Scott honored by UWM
NCSE's executive director Eugenie C. Scott received an honorary degree from the University of Wisconsin, Milwaukee, on December 17, 2006, in recognition of her dedication to promoting the sound teaching of science in schools across the country. The citation read in part:
The honor was especially meaningful to Scott, who earned her B.S. and M.S. degrees at the university. The honorary degree was Scott's fourth; she received honorary Doctor of Science degrees from McGill University in 2003, the Ohio State University in 2005, and Mount Holyoke College in May 2006.
Dr. Scott was named the first executive director of the National Center for Science Education in 1986. Since then, she has worked with educators, parents, scientists, clergy, school boards and other elected officials, and concerned citizens to keep evolution in public school science education.
Under her leadership, the center has pursued this goal by providing information that it hopes will lead to community consensus rather than confrontation. Particularly important in NCSE's success has been the building of coalitions of scientists, teachers, clergy and concerned parents to support the teaching of evolution in communities and states.

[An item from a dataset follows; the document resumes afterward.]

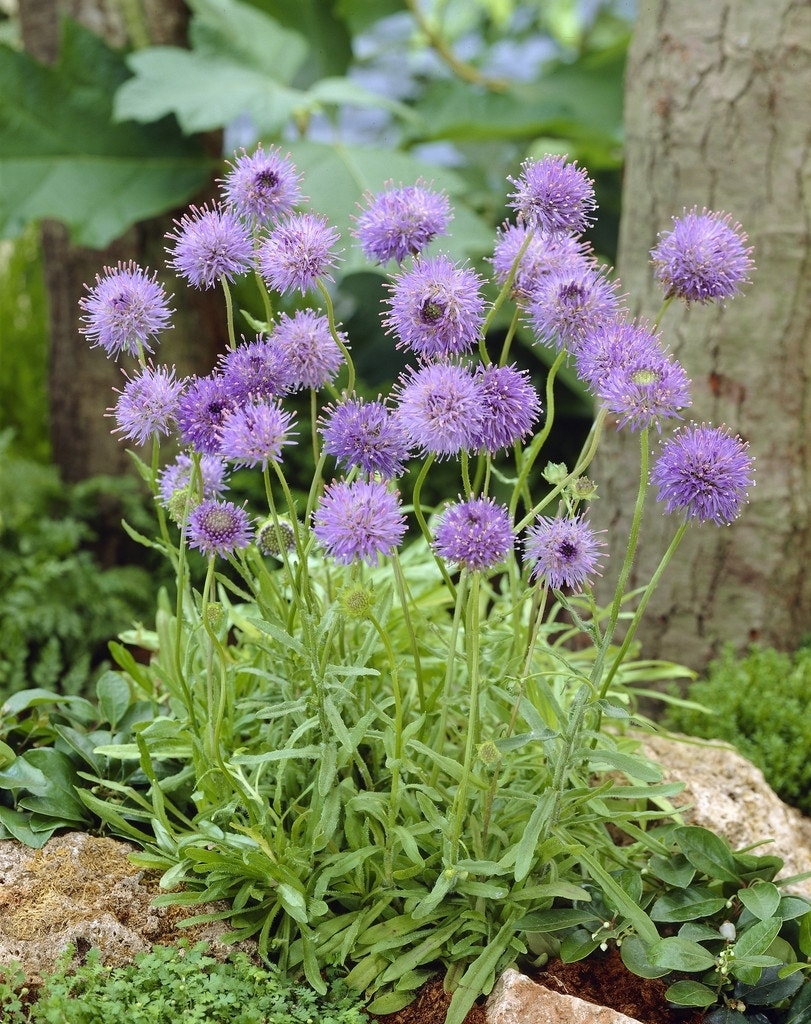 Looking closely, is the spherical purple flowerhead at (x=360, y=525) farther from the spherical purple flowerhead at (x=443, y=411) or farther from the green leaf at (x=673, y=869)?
the green leaf at (x=673, y=869)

Her 2004 book, Evolution vs. Creationism: An Introduction, was reviewed positively by publications as diverse as The New York Times Book Review and Perspectives on Science and Christian Faith. It was praised by creationists and evolutionists alike for its even-handedness and accuracy in presenting the controversy.

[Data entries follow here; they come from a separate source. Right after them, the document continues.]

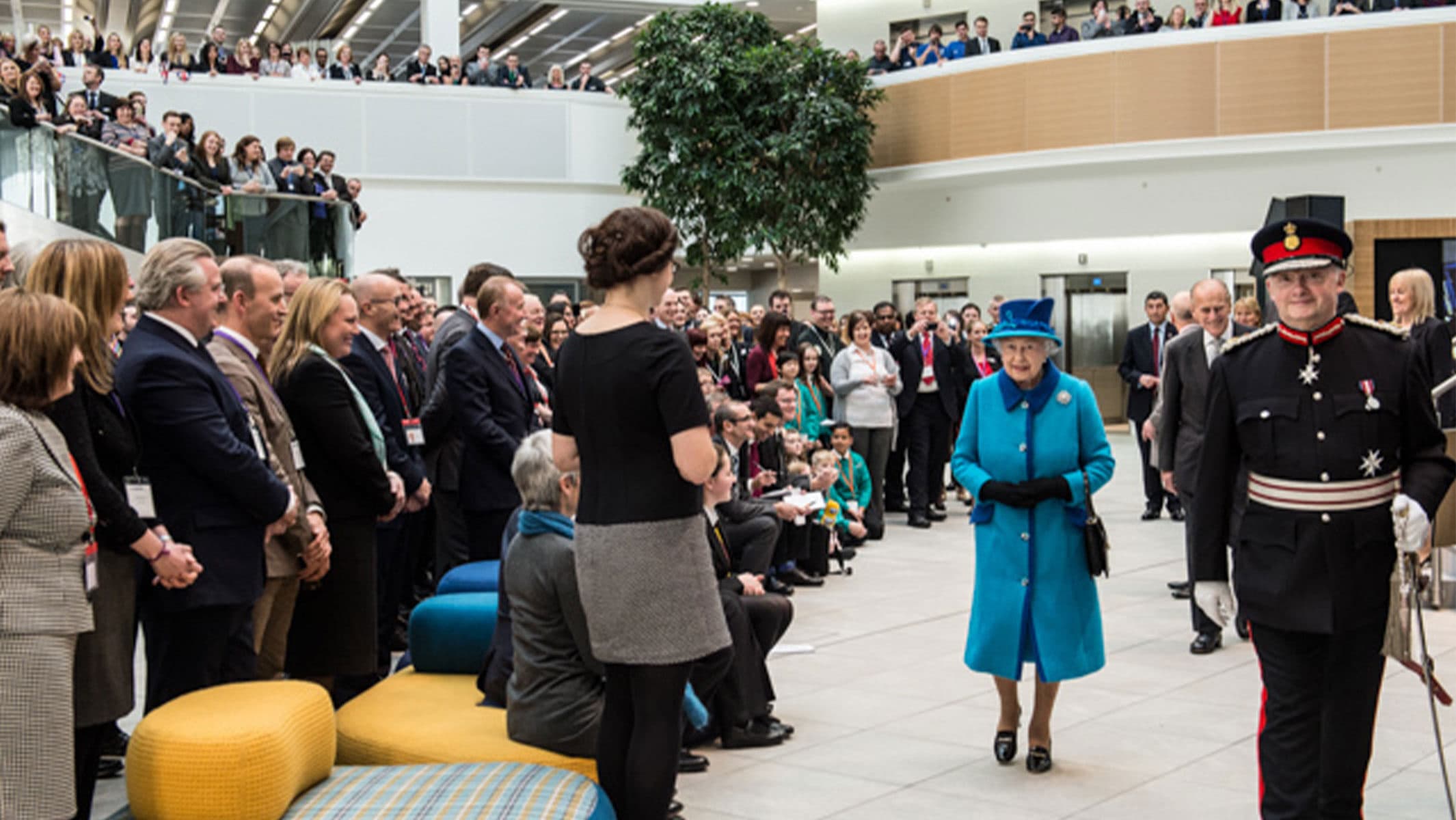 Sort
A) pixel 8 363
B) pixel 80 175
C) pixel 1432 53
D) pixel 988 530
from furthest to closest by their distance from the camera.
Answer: pixel 1432 53 < pixel 80 175 < pixel 988 530 < pixel 8 363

Her work reflects her perspective that science teachers should teach students accurate and accepted science as it is understood by scientists, and that political pressure should not determine the science curriculum. Her work also reflects her conviction that citizens need to be scientifically literate, and that an understanding of evolution is central to this literacy. To this end she has labored for 20 years at NCSE to promote a better public understanding of science and of the science of evolution.